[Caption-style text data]
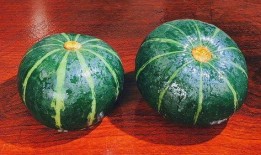 半个贝贝瓜怎么吃,半个贝贝瓜的多样食法探索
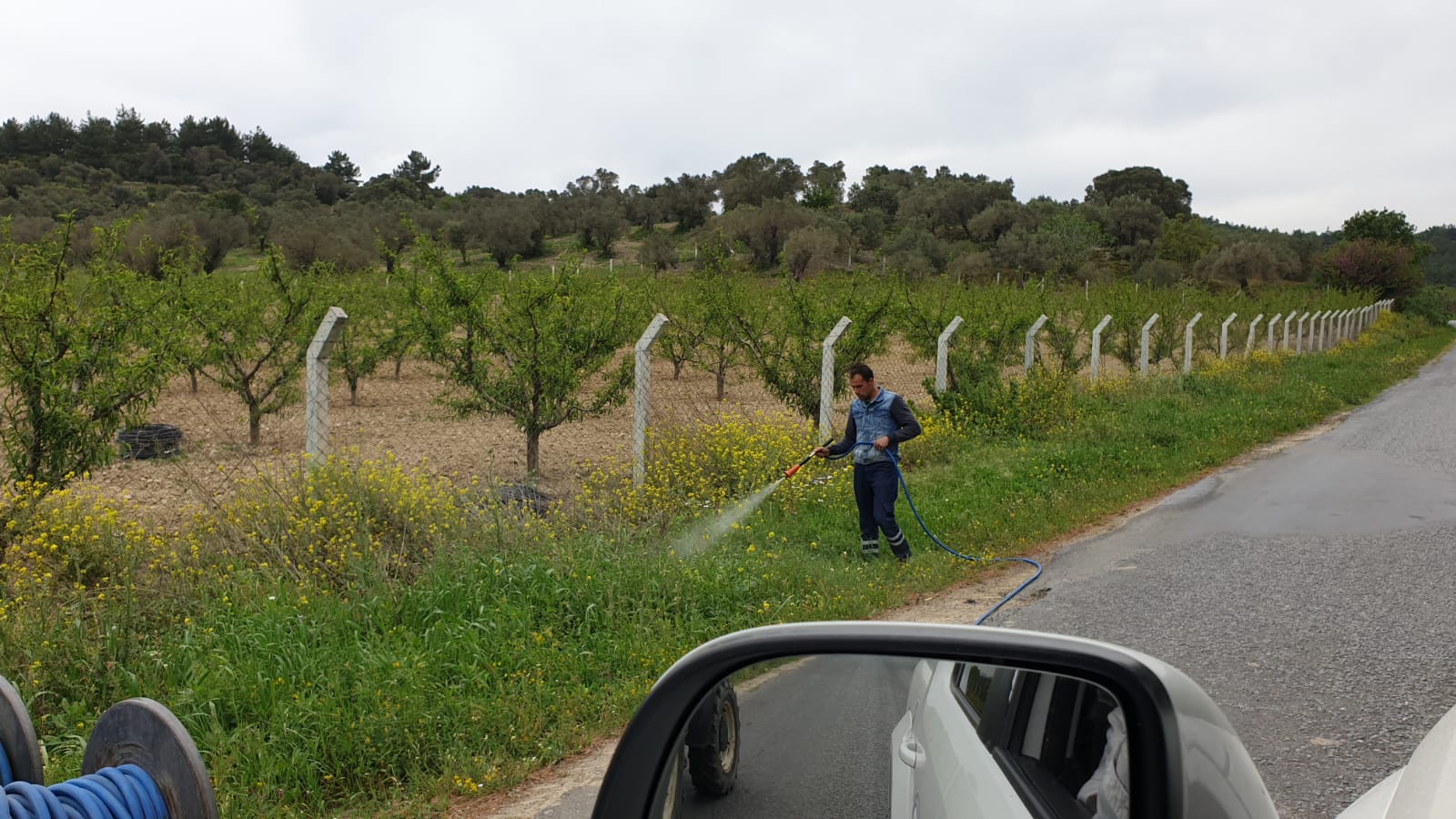 Yollardaki otlardan kurtulmak için hem doğa, hem insan zehirleniyor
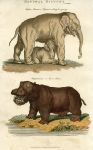 Elephant & Hippopotamus, 1819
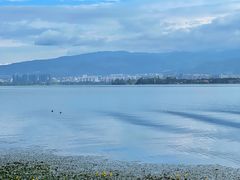 -西昌邛海湿地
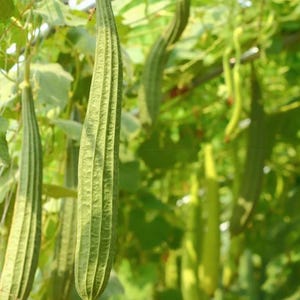 Da Rou Angled Luffa Gourd Seeds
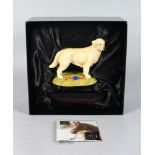 A ROYAL DOULTON PORCELAIN GOLDEN RETRIEVER, from the gun dog collection 6.5in long, in original box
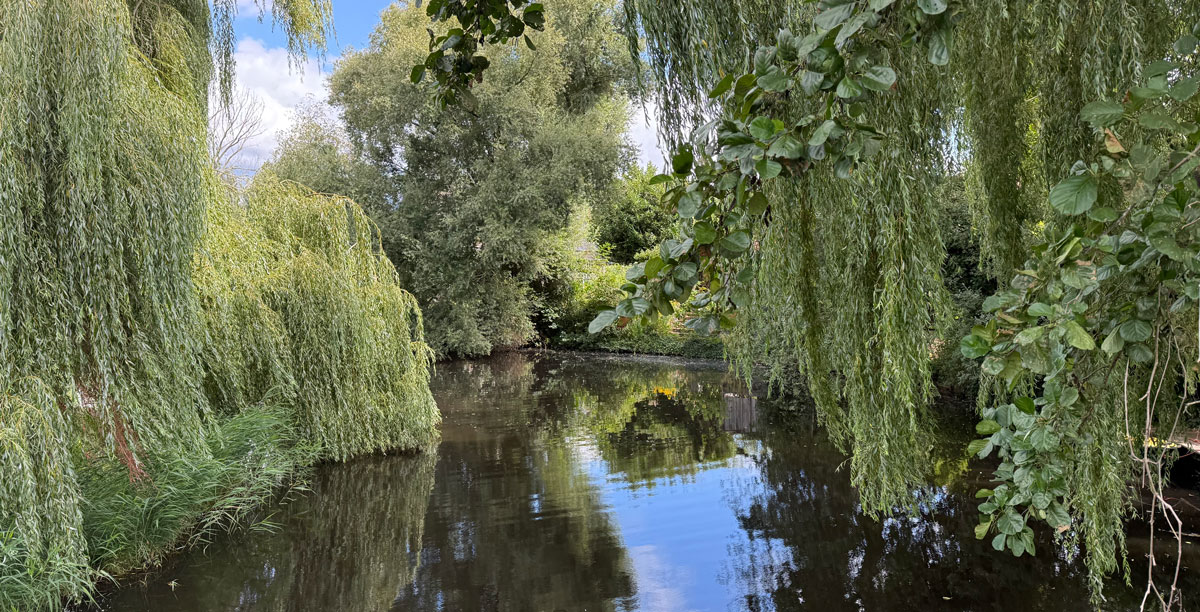 Tropisch Staphorst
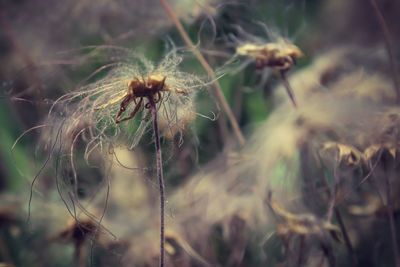 Close-up of wilted flower plant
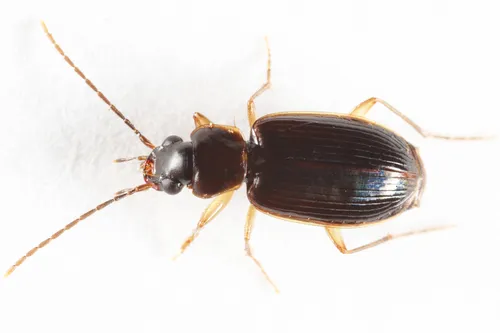 Badister reflexus
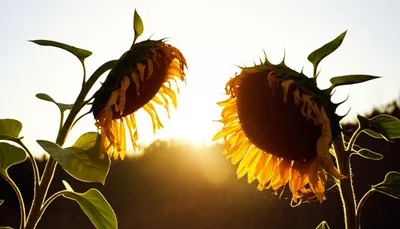 Illustration unrequited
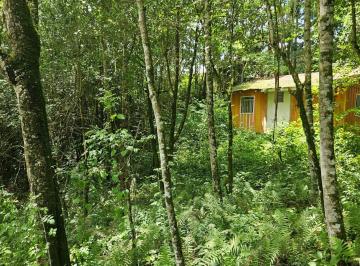 Terreno · 11000m² · 1 Quarto · Chácara para venda em São Miguel de 11000.00m² com 1 Quarto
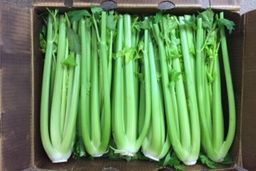 Access Organics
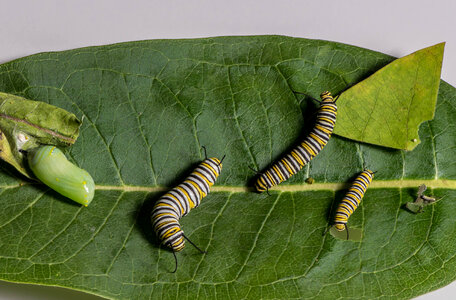 Stages of Monarch caterpillar development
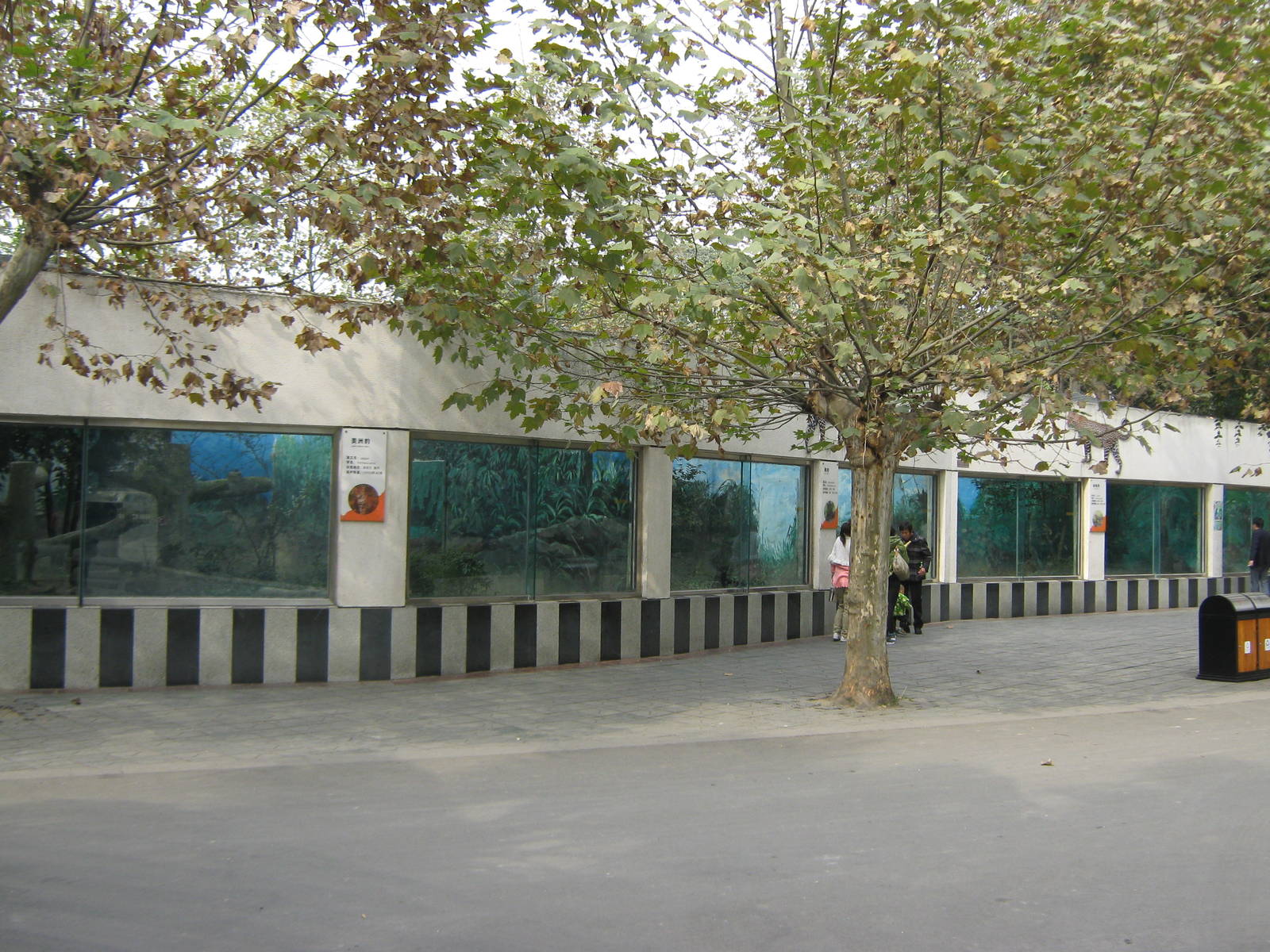 outside leopard cages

What is expected:
Transcribe exactly the lines from the one with "Tropisch Staphorst" to the last line of the records, both included, so that no picture appears in the copy.

Response to the task:
 Tropisch Staphorst
 Close-up of wilted flower plant
 Badister reflexus
 Illustration unrequited
 Terreno · 11000m² · 1 Quarto · Chácara para venda em São Miguel de 11000.00m² com 1 Quarto
 Access Organics
 Stages of Monarch caterpillar development
 outside leopard cages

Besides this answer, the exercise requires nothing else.